There’s Caffeine in What?

It probably doesn’t come as any surprise that caffeine is one of the things we can drink (or eat) that has a negative impact on sleep and can cause insomnia.

However, what may be a little more surprising are the places (other than coffee) that you find caffeine and in what quantity.

Here is a list that may surprise you – I know it surprised me!

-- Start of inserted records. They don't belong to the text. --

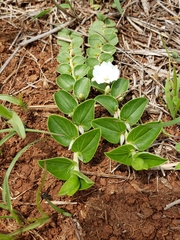 Evolvulus prostratus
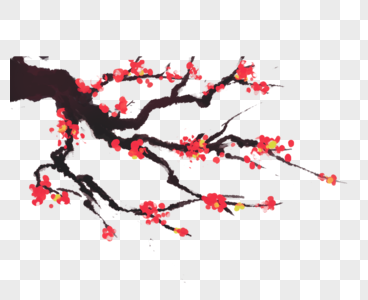梅花树枝图片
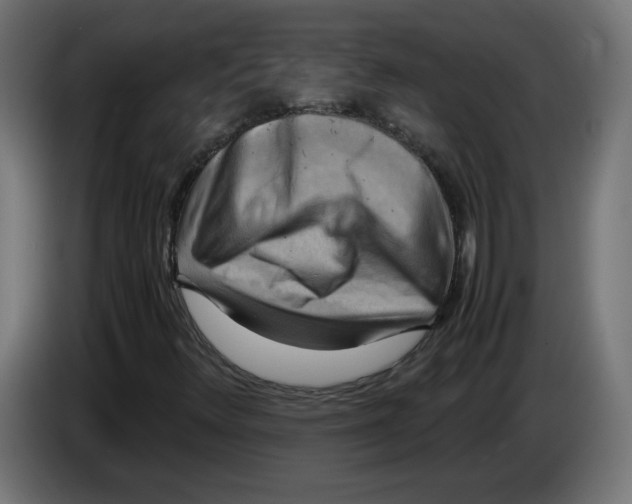 X0000083561348200703021707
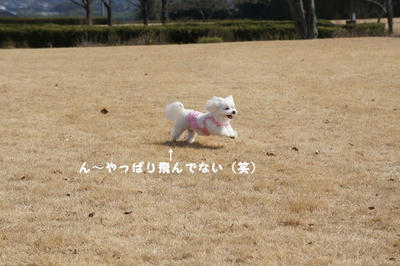 DSC01966.jpg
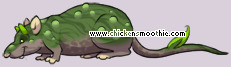 Pet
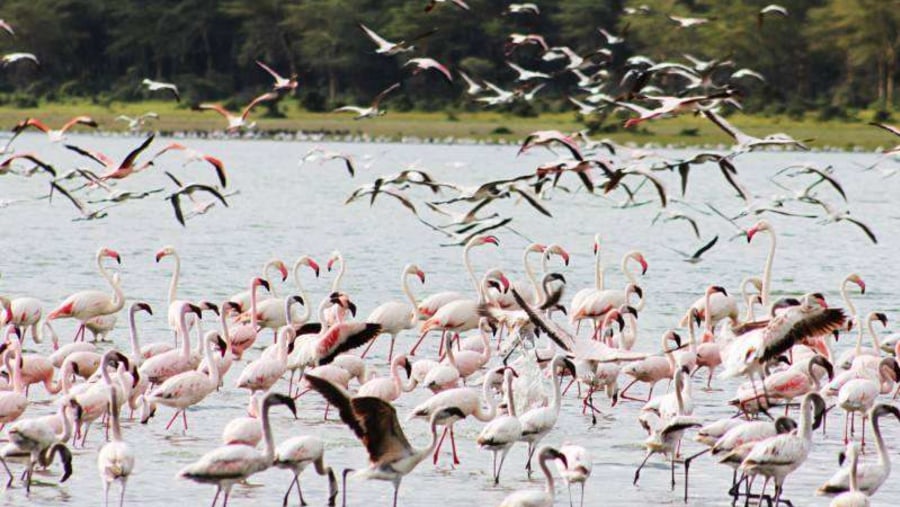 Queen Elizabeth National Park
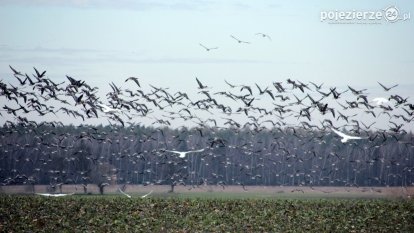 Przyroda na zdjęciach Anny Woźniak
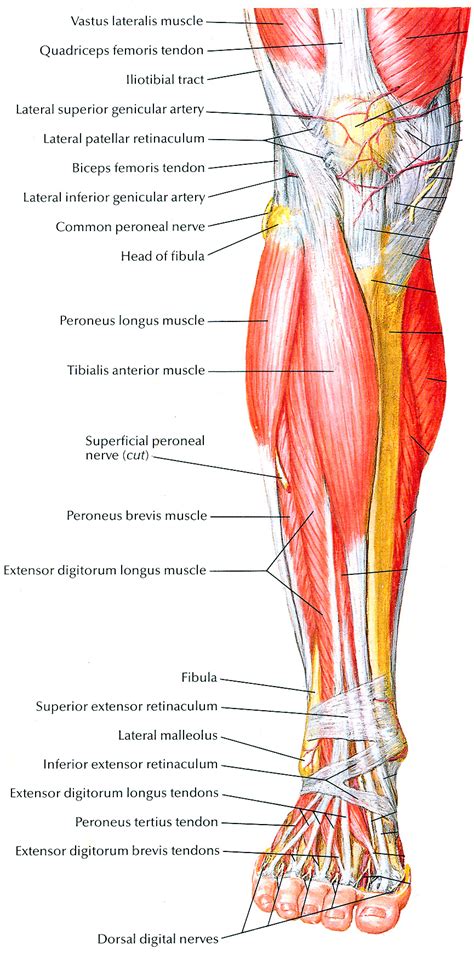 Muscles that lift the Arches of the Feet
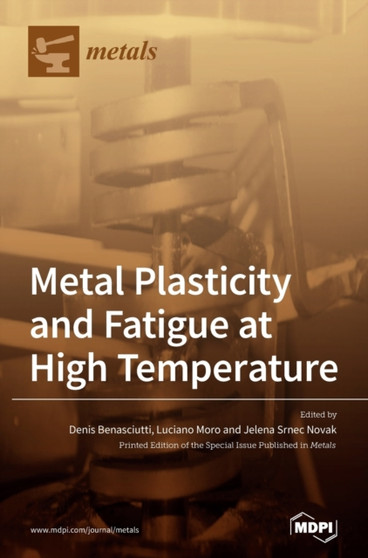 Metal Plasticity and Fatigue at High Temperature by Jelena Srnec Novak - Hardback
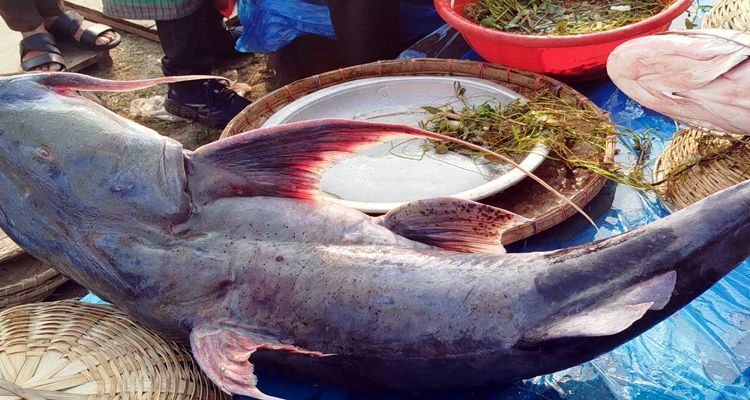 h2025 - Bd Sylhet News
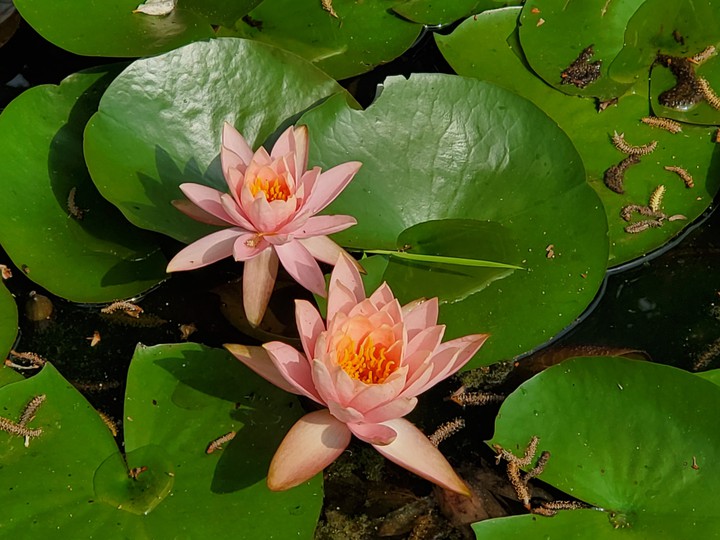 Nymphaea 'Colorado'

Caffeine in Common Beverages and Drugs

Beverages

Brewed coffee, drip method, 5 oz cup 60-180 mg caffeine
Instant coffee, 5 oz. cup 30-120 mg caffeine
Decaffeinated coffee, 5 oz. cup 1-5 mg caffeine
Brewed tea, 5 oz. cup 60-180 mg caffeine
Instant tea, 5 oz. cup 25-50 mg caffeine
Iced Tea, 12 oz. cup 67-76 mg caffeine
Cola, 12 oz. cup 36-47 mg caffeine

Chocolate

Dark/semisweet, 1 oz. 5-35 mg caffeine

Non-prescription Drugs

Dexatrim 200 mg caffeine
No Doz 100 mg caffeine
Excedrin 65 mg caffeine

So, if you regularly consume any of these products and you are having trouble sleeping, try to cut them out completely – or at least minimize them after lunch time and feel the difference.